When Tuesday began, anyone looking down the list of players left in the French Open women’s draw might have believed that destiny was finally smiling on Caroline Wozniacki. After two years of hearing herself described as a “Slam-less No.1,” and many more years of answering questions about when she was going to win a major title, the 26-year-old suddenly had an opening. This time there was no Serena. There was no Vika. There was no Maria. There wasn’t even an Angelique. There was no one who, theoretically, she couldn’t beat.
Destiny kept smiling through the first set of Wozniacki’s quarterfinal with 19-year-old Jelena Ostapenko. The Latvian is a born ball-striker with terrific timing who can hit winners from any position. But that timing can be fragile, and the wind that whipped through Roland Garros in the early afternoon was playing havoc with it. Wozniacki, steady as she always goes, won the first five games and held on for the set, 6-4.
But the fact that, despite her greater experience and superior consistency, Wozniacki barely escaped a set she led 5-0, which should have let us know that maybe this wasn’t going to be her moment after all. A closer look at her head-to-head record with her opponent revealed that, if there was one woman Wozniacki didn’t want to face in Paris, it was Ostapenko. The Latvian was 3-0 in their three previous matches, and two of those meetings had come on clay this spring.

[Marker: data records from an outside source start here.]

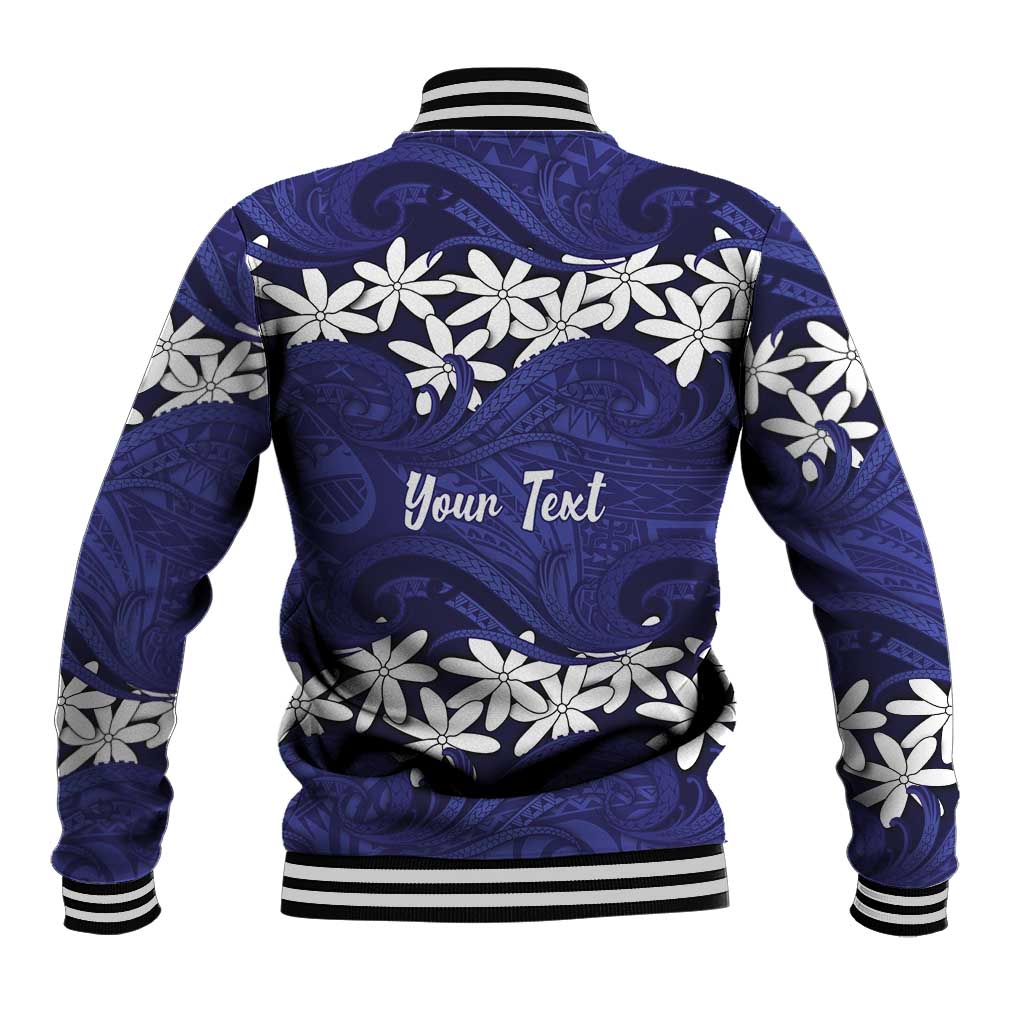 Personalised Cook Islands Pukapuka Baseball Jacket Tiare Maori Polynesian Waves Tattoo LT14 - Polynesian Pride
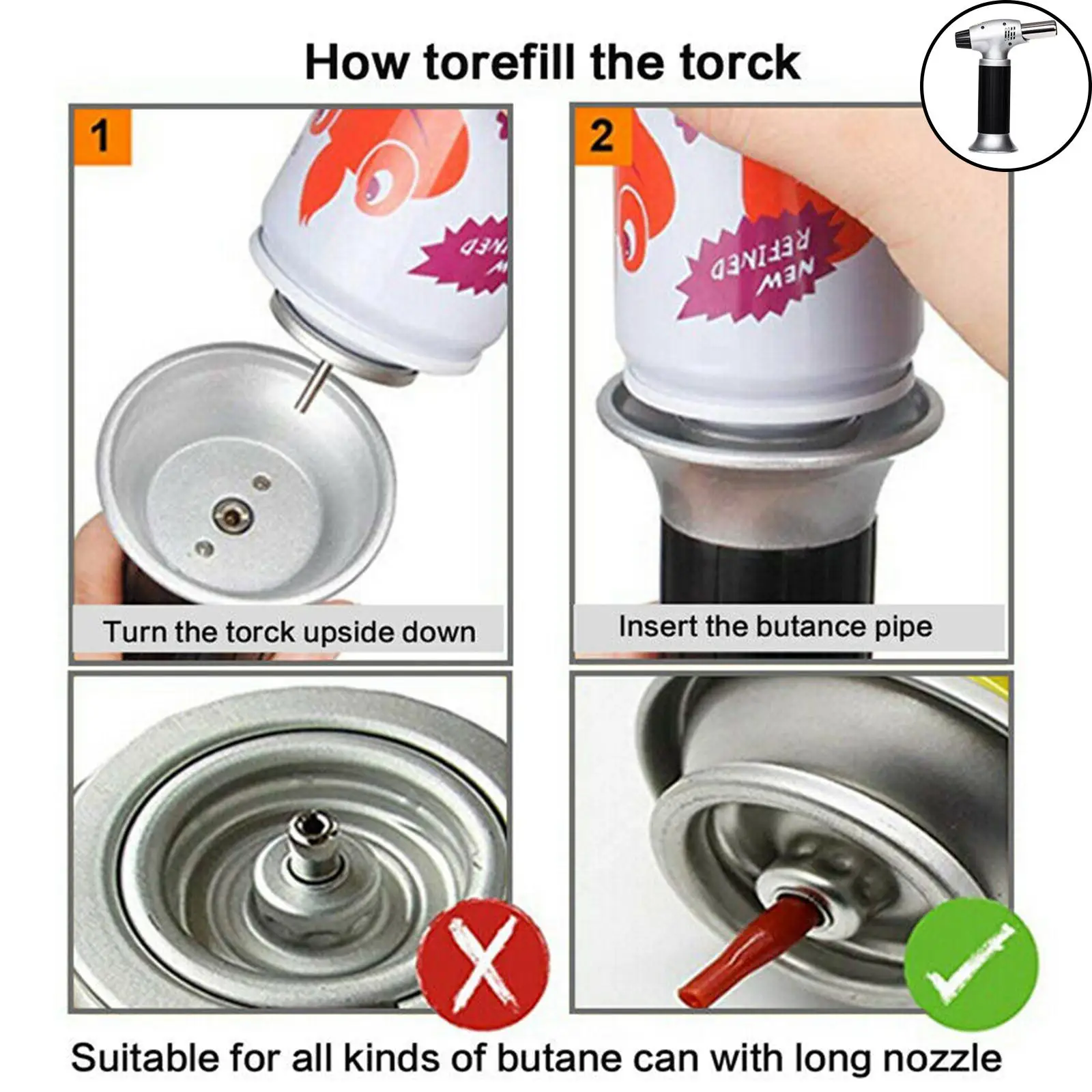 Kitchen Torch, Torch Cooking Torch with & Adjustable Flame for Cooking, BBQ, Baking, Baking DIY Soldering
Kitchen Torch, Torch Cooking Torch with & Adjustable Flame for Cooking, BBQ, Baking, Baking DIY Soldering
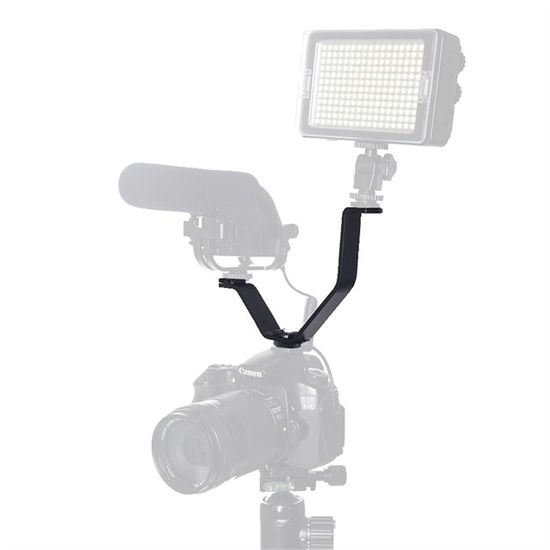 Suporte Manopla Tipo V Com 3 sapatas para led, microfone Greika FBVL Suporte Manopla Tipo V Com 3 sapatas para led, microfone Greika FBVL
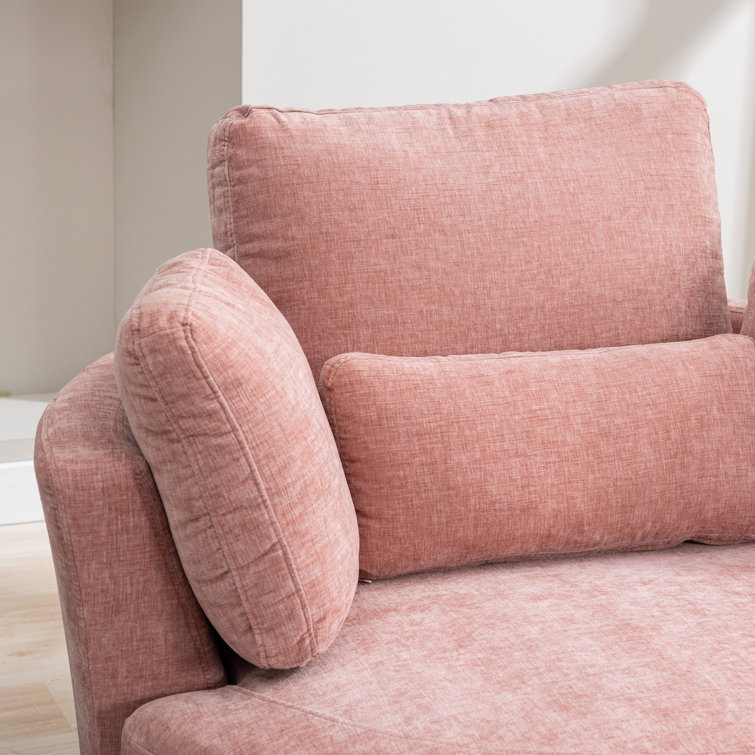 Kavonta 42.3 Wide Polyester Swivel Barrel Chair and Ottoman Rosdorf Park Fabric: Pink Chenille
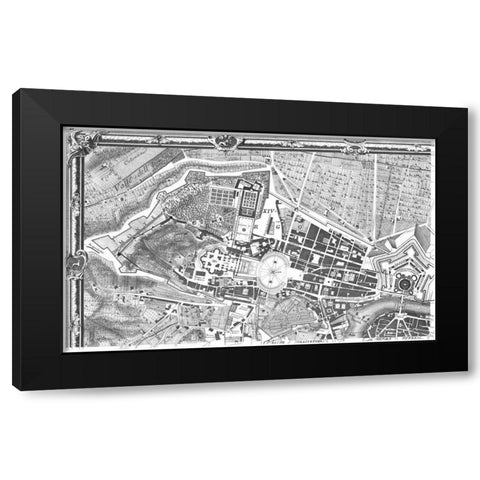 Rome Sectional Map Black Modern Wood Framed Art Print with Double Matting by Nolli, Giovanni Battista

A closer look at Ostapenko’s record in general would also have revealed that it wasn’t just Wozniacki she’s been beating on clay this spring. Ostapenko has been building up to this run for two months. In Charleston, she won five matches to reach the final, and in Stuttgart, Prague and Rome, she won three matches apiece—some of of them were in qualifying, but when it comes to your confidence, any win is an important win. Ostapenko’s work with new coach Anabel Medina Garrigues of Spain was paying off on the surface.
By the time she had reached the third round at the French Open, Ostapenko was locked in. She was so convincing in her 6-1, 6-4 win over Lesia Tsurenko that Tsurenko predicted that she might win the tournament. Maybe those words made Ostapenko think, and believe, because in the next round she pulled off a surprising comeback from a set down against Sam Stosur, and she would go on to do the same against Wozniacki.
“In the first set conditions were really tough,” Ostapenko told Tennis Channel on Tuesday. “It was really windy and Caroline was playing really good and she didn’t miss anything.”